それを行っているのは、父の生野と次男の浄野であった。
ときおり隙を見計らって朔夜が破壊しようとしている祠もまた、中庭に並んでいる。
生野は花を入れ替え、枯れたものを新聞紙で包みながら、浄野に尋ねる。
「いつになったら目覚められる?」
硬い口調で尋ねる。この人は、母ほどの情はなく、警察上層部に食い込んでいる人間とはいえど、市井のものを守るほどの正義感も持ち合わせてはいなかった。
彼が持ち合わせているのは、一族の繁栄だけである。
浄野は硬い口調で答える。普段、みずほの前では柔らかい口調で話しているが、それは彼女に嫌われたくないからで、他の兄弟はこちらが素であることを知っている。嘘などほとんど通用しない朔夜には、おそらくは見抜かれてしまっている。
「もうじきです」
「そうか。あれは? 力を取り戻しつつあるが」
「……完全に戻ってはいません。まだ」
「そうか。力が戻る前に、記憶が戻ってくれたほうがまだいいか。もし記憶が戻った場合、もしくは力が完全に取り戻さぬ内に……わかっているな?」
御前の前で、嘘はつけない。そして御前を祀っている父の前でも、言葉で了承すればそれは肯定と取られる。
浄野は黙秘した。それに生野は短く言う。
「あれにあまり絆されるな。あれは人ではない……化け物だ」
「……わかっています」
一族繁栄のために、脈々と受け継がれたしきたりであった。
田村家の表の次期当主は大野だが、裏の次期当主は浄野であった。
二歳違いの兄弟を分けたのは、なんてことはない。大野は田村家の血が薄くなり過ぎた結果、霊感がほとんどなかった。故に魑魅魍魎を見ることも触ることもおろか、夢渡で枕元に立った御前に気付くことも、会話を成立させることもできなかった。でもそのおかげで難を逃れ、妻を娶って子を成すことができた。大馬は田村家の呪縛から逃れている。

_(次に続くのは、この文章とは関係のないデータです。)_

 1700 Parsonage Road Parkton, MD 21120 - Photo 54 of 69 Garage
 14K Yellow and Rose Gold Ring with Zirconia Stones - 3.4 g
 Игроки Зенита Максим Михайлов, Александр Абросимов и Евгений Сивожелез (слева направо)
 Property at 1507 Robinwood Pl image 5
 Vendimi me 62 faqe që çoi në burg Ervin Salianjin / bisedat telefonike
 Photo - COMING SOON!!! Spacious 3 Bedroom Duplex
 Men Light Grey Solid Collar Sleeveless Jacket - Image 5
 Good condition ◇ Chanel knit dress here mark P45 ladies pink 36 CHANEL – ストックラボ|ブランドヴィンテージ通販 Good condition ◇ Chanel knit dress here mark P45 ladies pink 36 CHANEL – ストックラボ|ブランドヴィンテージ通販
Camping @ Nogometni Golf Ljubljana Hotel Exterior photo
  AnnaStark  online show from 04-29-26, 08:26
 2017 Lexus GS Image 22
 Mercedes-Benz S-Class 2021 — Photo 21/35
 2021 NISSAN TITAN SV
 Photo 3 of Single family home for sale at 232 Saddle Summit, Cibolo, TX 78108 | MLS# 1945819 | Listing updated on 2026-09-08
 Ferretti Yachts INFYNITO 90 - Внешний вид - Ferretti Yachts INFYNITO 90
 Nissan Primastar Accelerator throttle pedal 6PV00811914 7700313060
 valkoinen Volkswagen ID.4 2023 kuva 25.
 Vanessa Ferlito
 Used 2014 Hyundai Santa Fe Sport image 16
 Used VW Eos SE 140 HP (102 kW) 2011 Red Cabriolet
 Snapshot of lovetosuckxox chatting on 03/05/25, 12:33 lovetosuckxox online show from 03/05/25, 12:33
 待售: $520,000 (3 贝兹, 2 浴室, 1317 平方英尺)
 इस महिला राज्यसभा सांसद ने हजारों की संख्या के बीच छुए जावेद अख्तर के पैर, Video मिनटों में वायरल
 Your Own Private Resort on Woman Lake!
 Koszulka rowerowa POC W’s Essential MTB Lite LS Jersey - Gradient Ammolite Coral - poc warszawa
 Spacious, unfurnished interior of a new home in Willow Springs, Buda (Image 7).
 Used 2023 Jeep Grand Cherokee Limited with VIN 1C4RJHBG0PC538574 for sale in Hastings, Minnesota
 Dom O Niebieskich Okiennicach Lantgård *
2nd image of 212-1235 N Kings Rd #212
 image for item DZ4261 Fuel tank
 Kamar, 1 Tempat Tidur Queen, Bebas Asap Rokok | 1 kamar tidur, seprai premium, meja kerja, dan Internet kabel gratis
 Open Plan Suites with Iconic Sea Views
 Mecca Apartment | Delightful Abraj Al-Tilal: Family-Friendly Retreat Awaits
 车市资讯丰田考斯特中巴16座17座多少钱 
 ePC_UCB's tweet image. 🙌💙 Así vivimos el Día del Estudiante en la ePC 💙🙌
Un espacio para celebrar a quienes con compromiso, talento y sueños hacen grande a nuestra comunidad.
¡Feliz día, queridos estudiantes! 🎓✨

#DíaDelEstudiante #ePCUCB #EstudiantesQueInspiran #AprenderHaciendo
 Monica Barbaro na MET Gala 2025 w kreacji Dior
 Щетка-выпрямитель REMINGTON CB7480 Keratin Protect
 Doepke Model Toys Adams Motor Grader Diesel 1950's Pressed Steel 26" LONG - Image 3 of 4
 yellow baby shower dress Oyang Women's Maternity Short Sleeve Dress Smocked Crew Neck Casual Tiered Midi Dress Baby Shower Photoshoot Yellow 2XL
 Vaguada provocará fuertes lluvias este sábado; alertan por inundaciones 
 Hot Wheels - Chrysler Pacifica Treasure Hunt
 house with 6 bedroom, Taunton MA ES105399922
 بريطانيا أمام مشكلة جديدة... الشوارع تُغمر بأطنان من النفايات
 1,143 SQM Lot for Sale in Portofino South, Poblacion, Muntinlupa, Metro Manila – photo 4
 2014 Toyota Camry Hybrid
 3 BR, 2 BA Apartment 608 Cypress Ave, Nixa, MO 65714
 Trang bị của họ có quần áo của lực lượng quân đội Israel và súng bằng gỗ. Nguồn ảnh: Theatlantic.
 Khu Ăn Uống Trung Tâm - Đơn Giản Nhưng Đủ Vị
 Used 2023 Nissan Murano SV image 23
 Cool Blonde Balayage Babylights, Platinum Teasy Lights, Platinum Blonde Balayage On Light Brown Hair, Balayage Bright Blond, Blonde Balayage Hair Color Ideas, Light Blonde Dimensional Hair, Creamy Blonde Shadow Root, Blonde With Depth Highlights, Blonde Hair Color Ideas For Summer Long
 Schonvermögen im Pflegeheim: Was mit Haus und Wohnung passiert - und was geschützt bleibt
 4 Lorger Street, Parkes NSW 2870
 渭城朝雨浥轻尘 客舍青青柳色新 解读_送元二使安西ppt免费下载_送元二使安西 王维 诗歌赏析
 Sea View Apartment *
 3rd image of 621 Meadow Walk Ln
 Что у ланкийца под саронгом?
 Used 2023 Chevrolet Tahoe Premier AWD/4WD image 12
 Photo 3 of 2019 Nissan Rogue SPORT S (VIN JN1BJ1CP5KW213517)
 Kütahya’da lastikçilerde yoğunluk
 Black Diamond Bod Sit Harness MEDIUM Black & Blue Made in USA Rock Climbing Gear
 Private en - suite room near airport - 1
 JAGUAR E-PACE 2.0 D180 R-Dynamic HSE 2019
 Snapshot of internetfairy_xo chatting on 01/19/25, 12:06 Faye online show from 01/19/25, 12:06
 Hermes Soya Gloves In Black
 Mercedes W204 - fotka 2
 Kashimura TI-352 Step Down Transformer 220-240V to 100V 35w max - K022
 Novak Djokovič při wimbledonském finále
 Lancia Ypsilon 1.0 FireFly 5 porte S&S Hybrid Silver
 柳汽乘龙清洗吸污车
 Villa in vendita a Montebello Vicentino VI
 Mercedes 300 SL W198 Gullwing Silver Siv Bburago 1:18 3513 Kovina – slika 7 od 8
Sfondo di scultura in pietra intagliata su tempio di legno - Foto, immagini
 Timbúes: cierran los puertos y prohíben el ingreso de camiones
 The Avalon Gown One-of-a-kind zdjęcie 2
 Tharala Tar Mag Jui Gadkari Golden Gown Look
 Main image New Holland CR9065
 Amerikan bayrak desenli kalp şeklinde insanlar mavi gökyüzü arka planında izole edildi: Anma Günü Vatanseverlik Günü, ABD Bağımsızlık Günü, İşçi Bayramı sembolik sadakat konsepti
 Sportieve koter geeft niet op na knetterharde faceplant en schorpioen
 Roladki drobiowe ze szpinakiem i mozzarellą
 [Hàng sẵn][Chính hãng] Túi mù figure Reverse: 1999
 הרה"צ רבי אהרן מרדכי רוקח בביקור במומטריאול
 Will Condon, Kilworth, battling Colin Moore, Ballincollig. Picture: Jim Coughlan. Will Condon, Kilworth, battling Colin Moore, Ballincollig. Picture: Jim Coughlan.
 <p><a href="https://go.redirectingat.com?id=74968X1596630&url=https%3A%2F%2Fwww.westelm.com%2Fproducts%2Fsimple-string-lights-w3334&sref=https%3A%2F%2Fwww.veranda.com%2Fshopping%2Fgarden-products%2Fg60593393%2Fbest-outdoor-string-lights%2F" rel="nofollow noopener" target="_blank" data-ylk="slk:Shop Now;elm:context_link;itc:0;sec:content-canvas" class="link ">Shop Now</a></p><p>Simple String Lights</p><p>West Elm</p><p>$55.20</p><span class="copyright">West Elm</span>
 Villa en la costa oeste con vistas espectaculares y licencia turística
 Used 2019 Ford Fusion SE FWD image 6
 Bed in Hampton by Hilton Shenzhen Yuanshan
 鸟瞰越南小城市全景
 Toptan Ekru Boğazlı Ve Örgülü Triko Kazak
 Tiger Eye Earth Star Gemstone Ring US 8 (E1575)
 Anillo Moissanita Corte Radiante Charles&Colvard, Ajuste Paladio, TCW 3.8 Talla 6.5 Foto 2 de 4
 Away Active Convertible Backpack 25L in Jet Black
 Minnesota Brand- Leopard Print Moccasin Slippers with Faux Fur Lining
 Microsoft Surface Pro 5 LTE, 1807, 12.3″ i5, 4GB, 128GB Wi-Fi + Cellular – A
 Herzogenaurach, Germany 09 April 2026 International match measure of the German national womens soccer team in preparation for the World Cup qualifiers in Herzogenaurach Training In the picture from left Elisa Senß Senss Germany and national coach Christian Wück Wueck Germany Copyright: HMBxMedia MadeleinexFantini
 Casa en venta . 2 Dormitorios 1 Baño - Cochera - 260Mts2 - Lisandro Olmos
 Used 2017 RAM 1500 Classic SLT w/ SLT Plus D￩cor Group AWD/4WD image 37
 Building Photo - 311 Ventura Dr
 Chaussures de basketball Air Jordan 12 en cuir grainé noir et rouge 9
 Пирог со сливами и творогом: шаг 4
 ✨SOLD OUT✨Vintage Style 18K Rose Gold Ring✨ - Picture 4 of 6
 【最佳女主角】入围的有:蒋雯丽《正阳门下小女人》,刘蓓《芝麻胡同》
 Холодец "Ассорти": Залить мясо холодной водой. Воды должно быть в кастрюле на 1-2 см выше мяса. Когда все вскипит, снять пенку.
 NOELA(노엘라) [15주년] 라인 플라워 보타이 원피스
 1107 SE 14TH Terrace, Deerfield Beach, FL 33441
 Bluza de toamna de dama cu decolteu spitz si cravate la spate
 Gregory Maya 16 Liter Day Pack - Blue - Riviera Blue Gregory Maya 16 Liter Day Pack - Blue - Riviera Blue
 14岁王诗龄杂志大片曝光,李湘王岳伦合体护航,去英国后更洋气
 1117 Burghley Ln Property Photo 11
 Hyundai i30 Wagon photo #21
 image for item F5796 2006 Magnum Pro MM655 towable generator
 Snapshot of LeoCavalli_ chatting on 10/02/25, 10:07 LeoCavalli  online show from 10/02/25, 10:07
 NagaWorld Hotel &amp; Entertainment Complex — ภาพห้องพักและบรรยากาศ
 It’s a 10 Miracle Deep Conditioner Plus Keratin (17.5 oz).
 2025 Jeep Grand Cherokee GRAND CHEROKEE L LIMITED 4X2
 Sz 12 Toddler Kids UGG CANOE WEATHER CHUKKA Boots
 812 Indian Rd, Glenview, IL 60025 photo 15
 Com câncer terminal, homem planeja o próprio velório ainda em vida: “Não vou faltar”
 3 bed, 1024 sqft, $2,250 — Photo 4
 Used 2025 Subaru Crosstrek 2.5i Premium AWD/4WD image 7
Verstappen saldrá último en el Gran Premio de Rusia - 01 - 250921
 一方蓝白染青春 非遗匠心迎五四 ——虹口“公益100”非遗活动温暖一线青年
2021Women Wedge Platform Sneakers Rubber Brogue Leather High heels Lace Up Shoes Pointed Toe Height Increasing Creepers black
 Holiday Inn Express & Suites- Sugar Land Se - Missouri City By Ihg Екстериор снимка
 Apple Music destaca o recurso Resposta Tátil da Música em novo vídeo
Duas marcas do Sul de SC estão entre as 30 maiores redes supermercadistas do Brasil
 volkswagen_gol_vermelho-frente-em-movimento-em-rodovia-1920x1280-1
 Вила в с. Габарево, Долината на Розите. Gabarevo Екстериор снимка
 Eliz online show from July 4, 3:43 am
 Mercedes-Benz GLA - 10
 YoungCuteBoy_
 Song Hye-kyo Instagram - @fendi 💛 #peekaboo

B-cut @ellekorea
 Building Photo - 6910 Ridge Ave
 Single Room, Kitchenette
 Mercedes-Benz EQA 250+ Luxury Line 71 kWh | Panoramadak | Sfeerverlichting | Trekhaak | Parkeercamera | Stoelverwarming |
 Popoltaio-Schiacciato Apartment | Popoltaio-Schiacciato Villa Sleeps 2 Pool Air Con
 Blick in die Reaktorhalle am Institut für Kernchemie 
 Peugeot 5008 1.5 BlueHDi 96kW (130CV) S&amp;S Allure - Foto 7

しかし浄野は、御前の声が聞こえたがために、逃れることができなかった。
彼は一生を父と同じく、表では警察で働きながら、裏では祠の守り人をすることとなったのである。御前の話し相手になること。御前の命ずるままに行動すること……そして、祠で飼い慣らしている鬼の管理をすること。
鬼が御しきれなくなったと判断したら、当主がその手で殺す。
なかなか死なないのが鬼ではあるが、幸いにも千年前から続く家系には、鬼殺しの剣などいくらでも存在している。
いくら人じみていたとしても、親しみやすくても、人は人で、鬼は鬼だ。そこには大河より深い溝が刻まれている。
浄野は苦痛を堪えて、母屋に戻った父と別れると、蔵へと向かった。
蔵の中の刀掛けの前に座り、報告する。
「……まだ、力は戻っておりません」
──そうか。なにやらこそこそと動いているようだな? 貴様も
女の、低くけざやかな声が響いた。
それに、浄野はぎくりとする。
この町がいつ戦場になるともわからないので、家族を……少なくとも呪縛から逃れている大野たち兄夫妻と、母、大学に泊まり込んでいる広野だけでも、逃がしたいと思うのは間違いなのか。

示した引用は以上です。